Re: loop block-mq conversion scalability issues

From: Justin M. Forbes
Date: Mon Apr 27 2015 - 09:48:48 EST


On Sun, 2015-04-26 at 23:27 +0800, Ming Lei wrote:
> Hi Justin,
>
> On Fri, 24 Apr 2015 16:46:02 -0500
> "Justin M. Forbes" <jforbes@xxxxxxxxxxxxxxxxx> wrote:
>
> > On Fri, 2015-04-24 at 10:59 +0800, Ming Lei wrote:
> > > Hi Justin,
> > >
> > > Thanks for the report.
> > >
> > > On Thu, 23 Apr 2015 16:04:10 -0500
> > > "Justin M. Forbes" <jforbes@xxxxxxxxxx> wrote:
> > >
> > > > The block-mq conversion for loop in 4.0 kernels is showing us an
> > > > interesting scalability problem with live CDs (ro, squashfs). It was
> > > > noticed when testing the Fedora beta that the more CPUs a liveCD image
> > > > was given, the slower it would boot. A 4 core qemu instance or bare
> > > > metal instance took more than twice as long to boot compared to a single
> > > > CPU instance. After investigating, this came directly to the block-mq
> > > > conversion, reverting these 4 patches will return performance. More
> > > > details are available at
> > > > https://bugzilla.redhat.com/show_bug.cgi?id=1210857
> > > > I don't think that reverting the patches is the ideal solution so I am
> > > > looking for other options. Since you know this code a bit better than I
> > > > do I thought I would run it by you while I am looking as well.
> > >
> > > I can understand the issue because the default @max_active for
> > > alloc_workqueue() is quite big(512), which may cause too much
> > > context switchs, then loop I/O performance gets decreased.
> > >
> > > Actually I have written the kernel dio/aio based patch for decreasing
> > > both CPU and memory utilization without sacrificing I/O performance,
> > > and I will try to improve and push the patch during this cycle and hope
> > > it can be merged(kernel/aio.c change is dropped, and only fs change is
> > > needed on fs/direct-io.c).
> > >
> > > But the following change should help for your case, could you test it?
> > >
> > > ---
> > > diff --git a/drivers/block/loop.c b/drivers/block/loop.c
> > > index c6b3726..b1cb41d 100644
> > > --- a/drivers/block/loop.c
> > > +++ b/drivers/block/loop.c
> > > @@ -1831,7 +1831,7 @@ static int __init loop_init(void)
> > > }
> > >
> > > loop_wq = alloc_workqueue("kloopd",
> > > - WQ_MEM_RECLAIM | WQ_HIGHPRI | WQ_UNBOUND, 0);
> > > + WQ_MEM_RECLAIM | WQ_HIGHPRI | WQ_UNBOUND, 32);
> > > if (!loop_wq) {
> > > err = -ENOMEM;
> > > goto misc_out;
> > >
> > Patch tested, it made things work (I gave up after 5 minutes and boot
> > still seemed hung). I also tried values of 1, 16, 64, and 128).
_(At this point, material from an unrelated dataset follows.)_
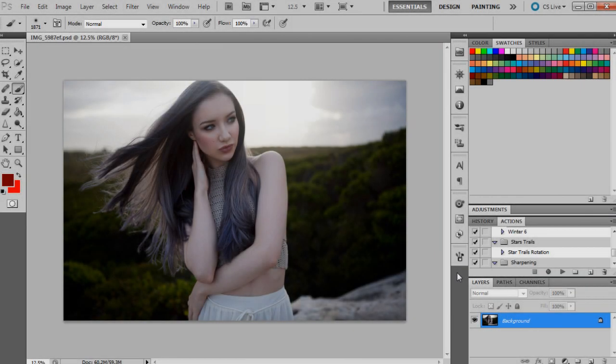Hey guys, I hope you're all well. Today's tutorial is going to be on trying to replicate a bit of a sunset look with your images in a fairly natural way. If you guys are like me and you are photographers who plan shoots around lighting, especially golden hour — it's such a beautiful time to shoot during the day.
> > Everything below 128 was much worse than the current situation. Setting
> > it at 128 seemed about the same as booting without the patch. I can do
> > some more testing over the weekend, but I don't think this is the
> > correct solution.
>
> For describing the problem easily, follows the fedora live CD file structure first:
>
> Fedora-Live-Workstation-x86_64-22_Beta-TC8.iso
> =>LiveOS/
> squashfs.img
> =>LiveOS/
> ext3fs.img
>
> Looks at least two reasons are related with the problem:
>
> - not like other filesyststems(such as ext4), squashfs is a bit special, and
> I observed that increasing I/O jobs to access file in squashfs can't improve
> I/O performance at all, but it can for ext4
>
> - nested loop: both squashfs.img and ext3fs.img are mounted as loop block
>
> One key idea in the commit b5dd2f60(block: loop: improve performance via blk-mq)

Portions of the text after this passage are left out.